I think you're right on the grind. Thanks for the advice

Sent from my iPhone using Tapatalk


----------



## bluebeardmcf (Nov 28, 2016)

KTD said:


> I've always released some steam but presumably not enough will give it a go. The bounce meaning the arm doesn't settle flat after pulling a shot and bounces back up a little.
> 
> Sent from my iPhone using Tapatalk


 I read somewhere this isn't necessary on millennium models, so perhaps the grind/tamper is too much with me as well...


----------



## russe11 (May 12, 2012)

bluebeardmcf said:


> I read somewhere this isn't necessary on millennium models, so perhaps the grind/tamper is too much with me as well...

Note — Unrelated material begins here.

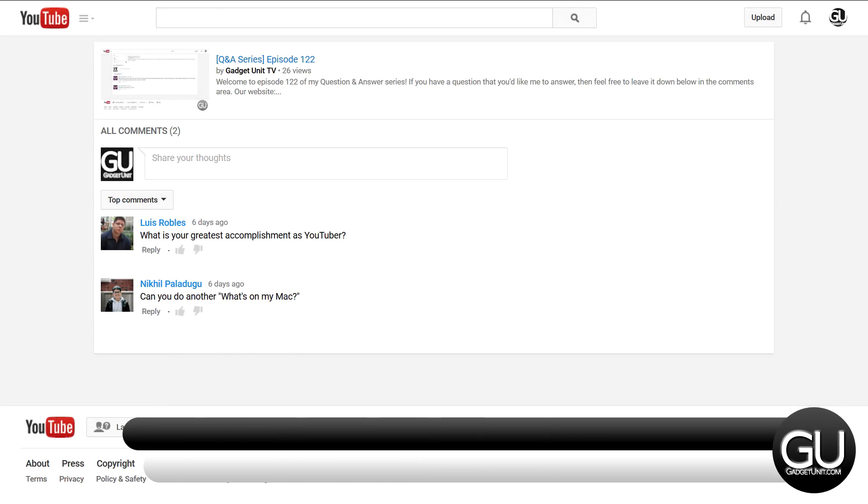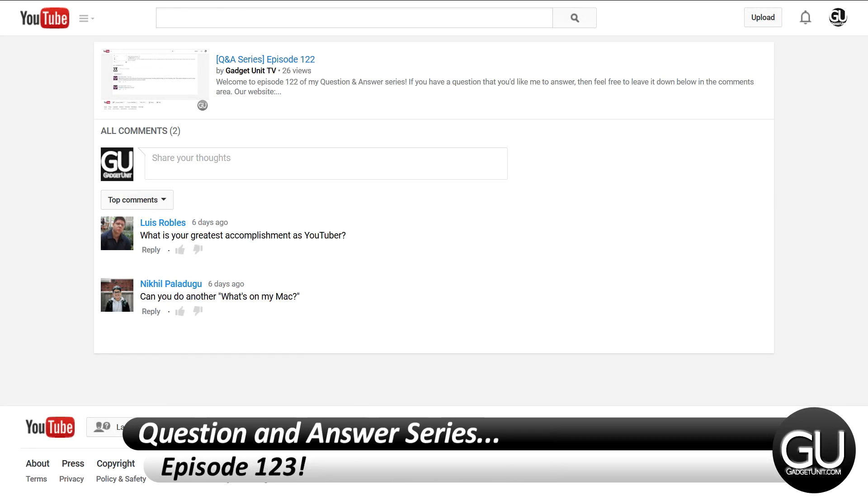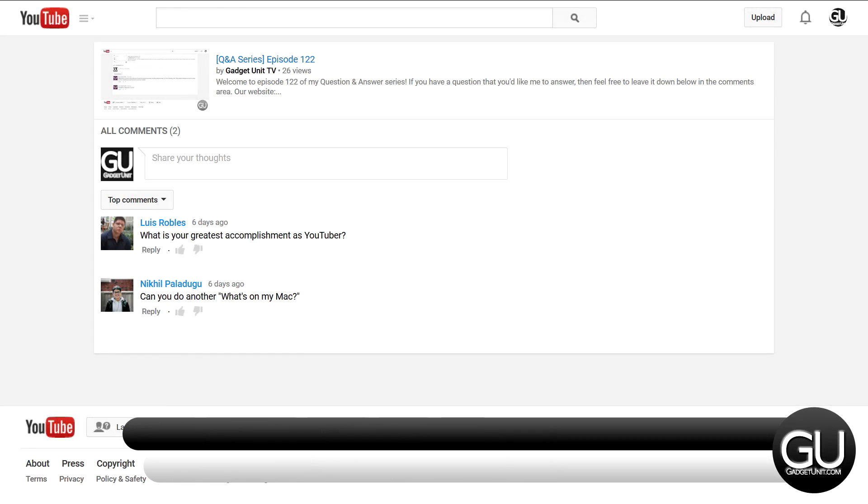Hello everybody, it's Brian for GadgetUnit.com and it's time for episode 123 of my question and answer series.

 I'm pretty sure the characteristics of both pre/post millennium are the same? I've used both and cant remember changing my routine for the earlier/later machine?

So just try what I suggested or back off on your grind a fraction..


----------



## MediumRoastSteam (Jul 7, 2015)

russe11 said:


> I'm pretty sure the characteristics of both pre/post millennium are the same? I've used both and cant remember changing my routine for the earlier/later machine?
> So just try what I suggested or back off on your grind a fraction..


Some old machines heat the group with steam and not water (suppose the group pipe doesn't go all the way down). So no, not exactly the same.

Also, on millenniums they all have an anti-vacuum valve, so the "false" pressure release is not really necessary.


----------



## MediumRoastSteam (Jul 7, 2015)

KTD said:


> Just wondering if anybody has a solid method of reducing or removing air that causes bounce when pulling a shot. Clearly having it up to temperature and pulling the lever slowly at the same time as locking in improves things but doesn't seem to completely stop it.
> 
> Thanks
> 
> Sent from my iPhone using Tapatalk


Try a few dry pumps before you pull. E.g.: pump the piston up and down just before water comes out. Lock the PF with the lever almost at the top of the stroke just before water comes out. Then lift all the way and see how it goes.

Try a slight coarser grind as suggested above.

Good luck.


----------